Required work
Nothing but the lines from the one containing "Дрель-шуруповерт аккумуляторная CDL-12CB, Li-Ion, 12" through the last line of the material should appear in the answer, transcribed exactly, pictures excluded.

═══ Exercise data

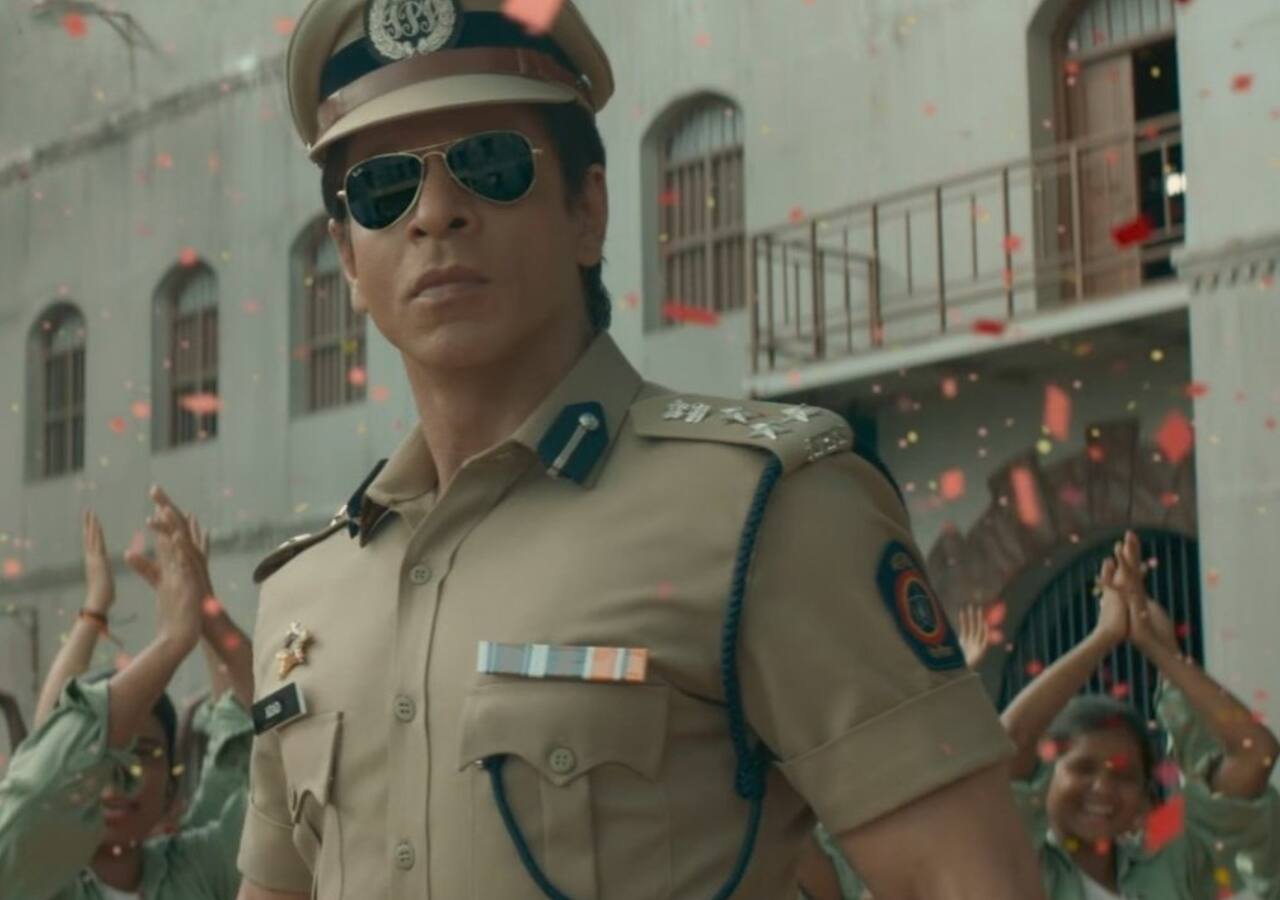 Jawan: Shah Rukh Khan shuts down a netizen asking about corporate bookings; 'Yeh ghatia baatein...'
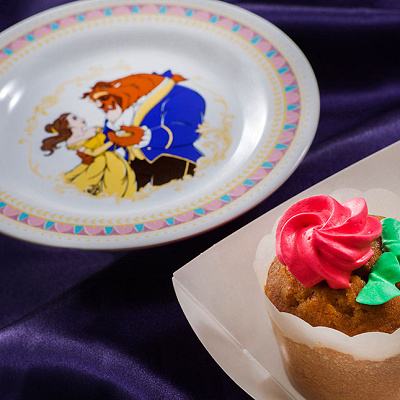 カップケーキ（キャラメル風味）、スーベニアプレート付き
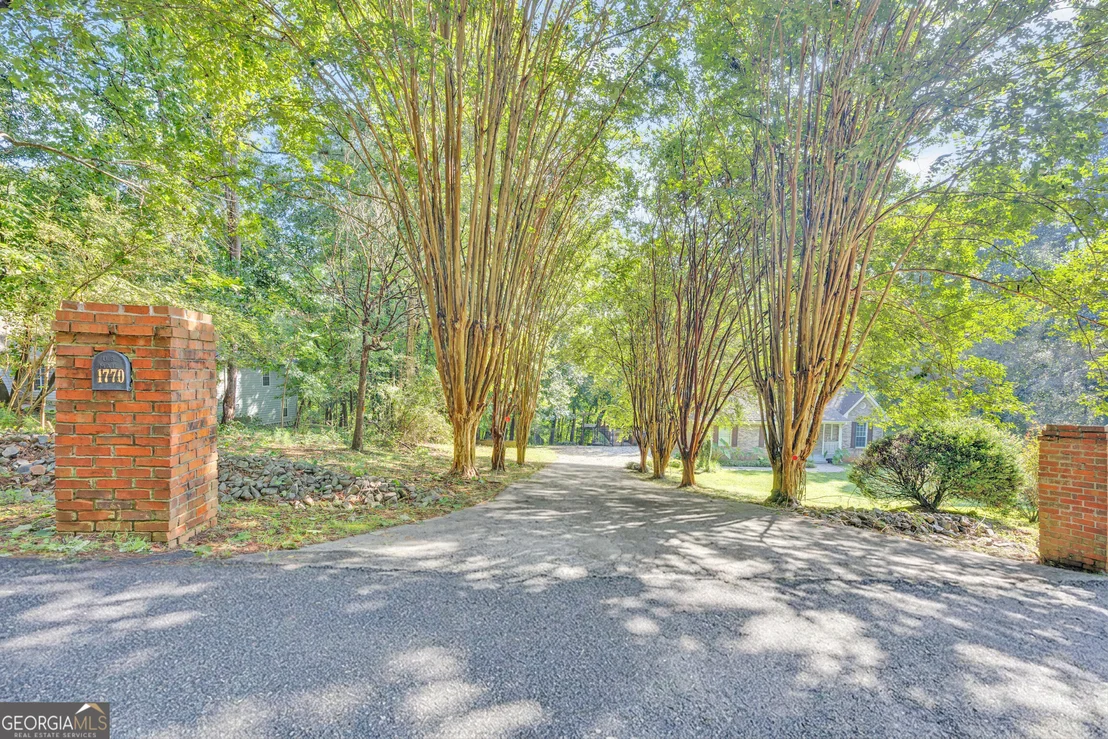 Photo of 1770 River Bluff Road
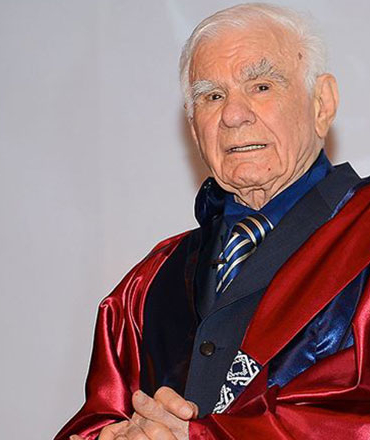 Yüzyılın en iyi beyin cerrahı hayatını kaybetti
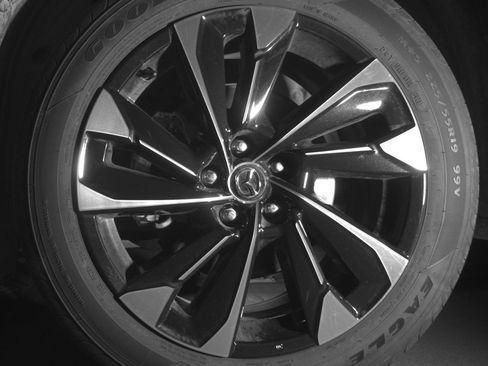 Used 2025 MAZDA CX-50 2.5 Hybrid w/ Premium Plus Pkg image 12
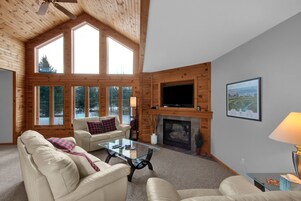 Elite Villa | Iron/ironing board, free WiFi, bed sheets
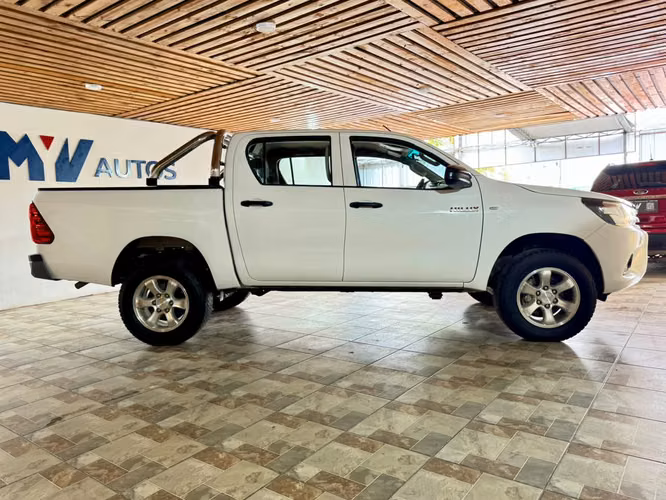 TOYOTA HILUX DX 4X2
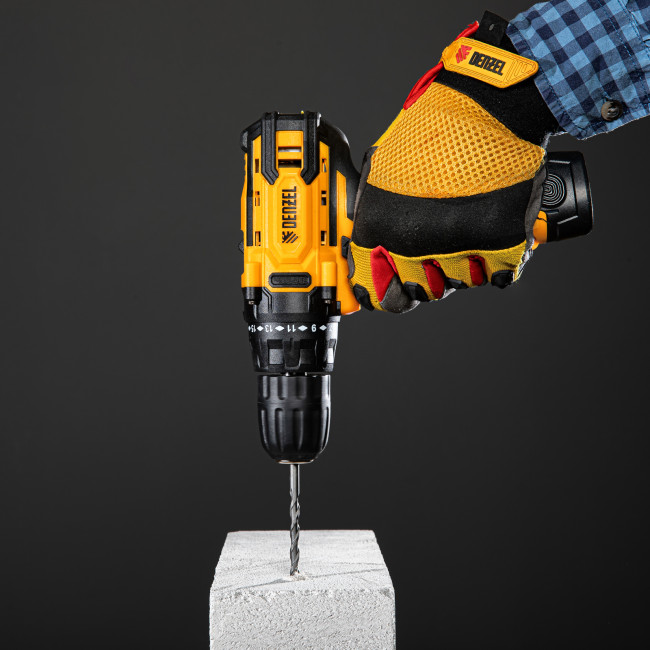 Дрель-шуруповерт аккумуляторная CDL-12CB, Li-Ion, 12 В, 1 акк. Denzel в Новосибирске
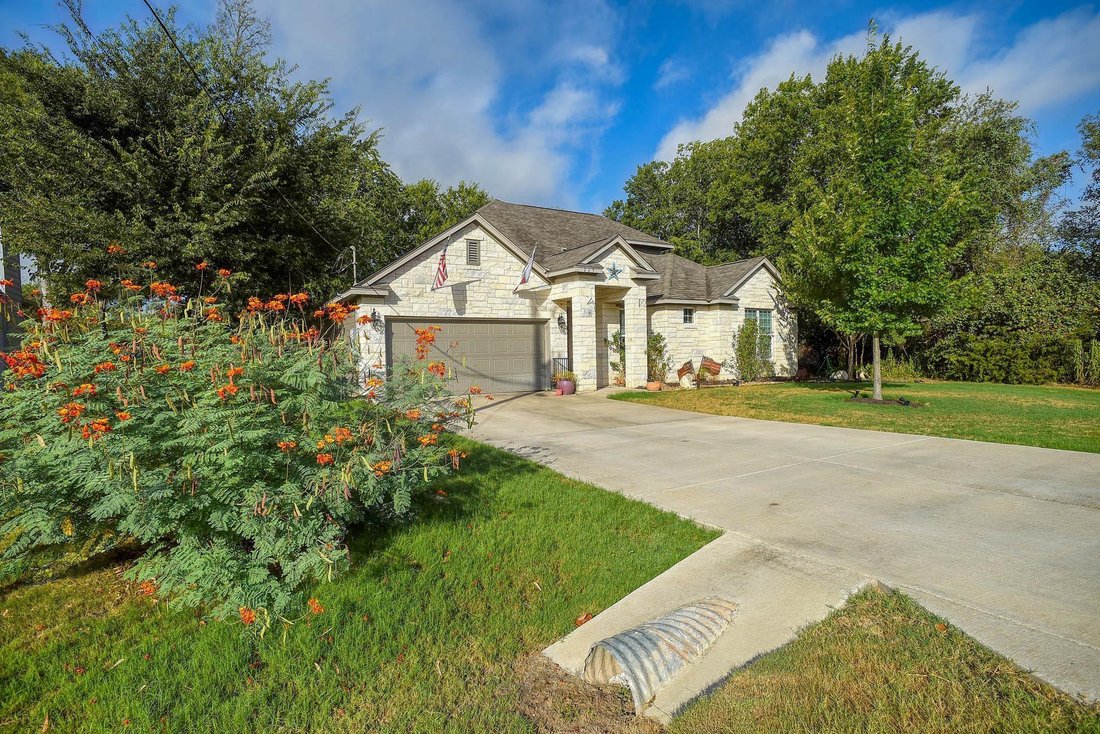 House in Bastrop, Texas, United States 1 - 18718467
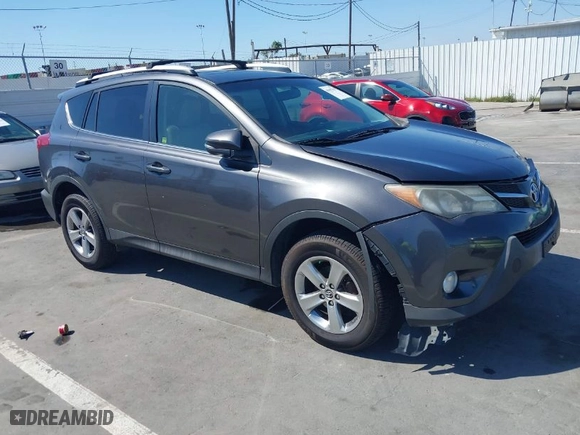 2015 Toyota RAV4 XLE with VIN JTMWFREV2FJ053898, listed as a IAAI auction lot 41997055 with 143,551 mi miles. Bid and sale history available at carsss.com. Image 1.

══════

Your response
 Дрель-шуруповерт аккумуляторная CDL-12CB, Li-Ion, 12 В, 1 акк. Denzel в Новосибирске
 House in Bastrop, Texas, United States 1 - 18718467
 2015 Toyota RAV4 XLE with VIN JTMWFREV2FJ053898, listed as a IAAI auction lot 41997055 with 143,551 mi miles. Bid and sale history available at carsss.com. Image 1.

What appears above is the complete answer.